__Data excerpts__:
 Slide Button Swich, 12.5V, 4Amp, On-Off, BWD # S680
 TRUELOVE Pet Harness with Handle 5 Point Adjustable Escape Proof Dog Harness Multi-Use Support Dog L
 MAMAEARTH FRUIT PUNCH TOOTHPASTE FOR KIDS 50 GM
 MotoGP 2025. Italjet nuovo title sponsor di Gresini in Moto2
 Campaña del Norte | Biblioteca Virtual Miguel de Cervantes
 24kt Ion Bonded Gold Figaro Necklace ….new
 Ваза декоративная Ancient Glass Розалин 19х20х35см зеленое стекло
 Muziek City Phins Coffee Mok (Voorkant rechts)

__Goal of the exercise__: Your reply should be an exact copy of every line from the line with "Campaña del Norte" through the final line of the data, and nothing more.

__Expected answer__:
 Campaña del Norte | Biblioteca Virtual Miguel de Cervantes
 24kt Ion Bonded Gold Figaro Necklace ….new
 Ваза декоративная Ancient Glass Розалин 19х20х35см зеленое стекло
 Muziek City Phins Coffee Mok (Voorkant rechts)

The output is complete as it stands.